In this paper, we improve the UCR suite performance by augmenting it with a recently proposed method called DTW with Pruned Warping Paths—PrunedDTW—(Silva and Batista 2016). PrunedDTW was introduced as an alternative to speed up DTW calculations when the use of indexing methods is not applicable, such as applications that require the all-pairwise distance matrix within a set of time series. One example is the widely known family of hierarchical clustering  (Xu and Wunsch 2008), given that most of these algorithms require the relation among all the objects in the data set.

Although we have proposed PrunedDTW for a scenario in which current indexing techniques are not applicable, we can adapt it to similarity search. PrunedDTW is orthogonal to all lower bound functions and other indexing-based algorithms in the time series literature. In other words, the application of PrunedDTW on the similarity search is complementary to any adopted indexing techniques. While most methods to speed up the time series similarity search “compete” between them, PrunedDTW explores an entirely different strategy.

In this scenario, we propose the use of PrunedDTW when all the evidence obtained by the indexing methods was not sufficient to reject the costly dynamic programming-based distance calculation. Also, we introduce a subtle modification of PrunedDTW to use the best-so-far distance to improve its performance. Before we explain this change, we introduce the PrunedDTW algorithm.

4.1 The intuition behind PrunedDTW and its pruning strategies

Figure 4 provides a heat map of the DTW matrix for two electrocardiography time series. Note that the values around the main diagonal are relatively close to the actual DTW distance, which is approximately 2.77 in this case. In contrast, most of the values in the matrix are much higher than the real distance.

Fig. 4
figure 4

DTW matrix between two electrocardiogram subsequences. The colors indicate the value obtained in each cell of the matrix (Color figure online)

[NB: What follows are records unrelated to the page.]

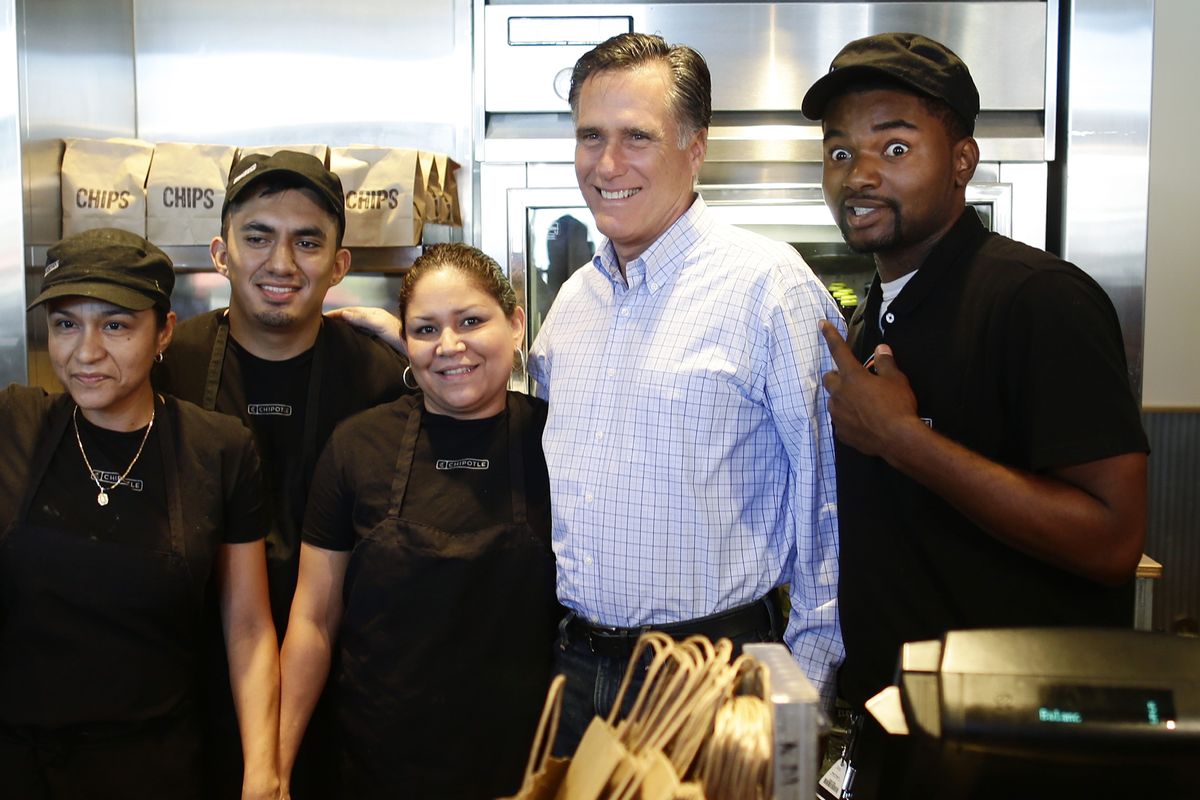 Republican presidential candidate, former Massachusetts Gov. Mitt Romney poses for a photo with workers as he makes an unscheduled stop at a Chipotle restaurant in Denver, Tuesday, Oct. 2, 2012. (Charles Dharapak / Associated Press)
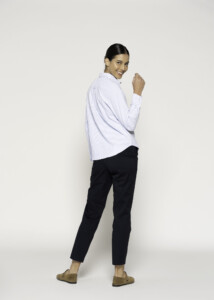 Vista de tres cuartos desde atrás mostrando la caída de la blusa a rayas finas con cuello clásico y pantalón negro, modelo Formentera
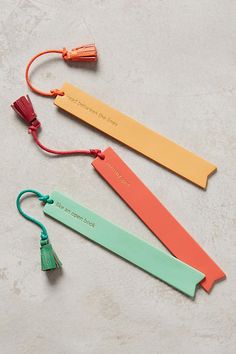 three different colored bookmarks with tassels on each one and an orange string attached to them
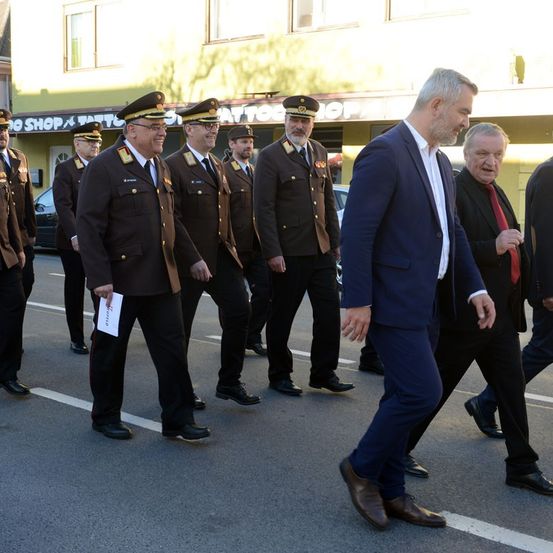 Eine Gruppe uniformierter Offiziere in Militäruniformen geht vor zwei Männern in Anzügen, einer von ihnen hält ein Papier. Sie sind auf einer Straße, mit Gebäuden und geparkten Autos im Hintergrund.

The value in each cell (ij) of this matrix represents the cost of the best alignment between the subsequences \(x_{1,i}\) and \(y_{1,j}\). Any alignment between x and y which contains such partial alignment has a total cost that is greater or equal to the value stored in the cell (ij). In the case in which such cell contains a value that is greater or equal than the actual distance, the optimal partial alignment ending by matching the pair (ij) is guaranteed to not belong to the optimal path between the whole time series under comparison. Therefore, the DTW algorithm can skip the calculations of all the alignments that contain such partial.

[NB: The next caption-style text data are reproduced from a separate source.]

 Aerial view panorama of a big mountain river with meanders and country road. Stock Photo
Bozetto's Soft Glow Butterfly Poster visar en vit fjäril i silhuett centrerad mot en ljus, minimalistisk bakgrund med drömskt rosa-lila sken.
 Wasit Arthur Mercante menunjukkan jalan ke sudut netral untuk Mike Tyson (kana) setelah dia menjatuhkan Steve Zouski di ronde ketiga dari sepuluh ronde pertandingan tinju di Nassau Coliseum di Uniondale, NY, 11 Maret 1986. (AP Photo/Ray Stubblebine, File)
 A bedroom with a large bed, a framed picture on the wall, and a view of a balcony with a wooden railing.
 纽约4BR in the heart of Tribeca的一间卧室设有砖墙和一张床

To use the observed fact to speed up DTW calculations, PrunedDTW works with a distance threshold to determine if a cell is amenable to pruning. For this, the original proposal uses the squared Euclidean distance (ED) as an upper bound (UB) to DTW, i.e., a value that is guaranteed to be greater or equal the actual distance. So, any cell that has a value greater than the UB can be pruned, because it is guaranteed to not belong to the optimal warping path.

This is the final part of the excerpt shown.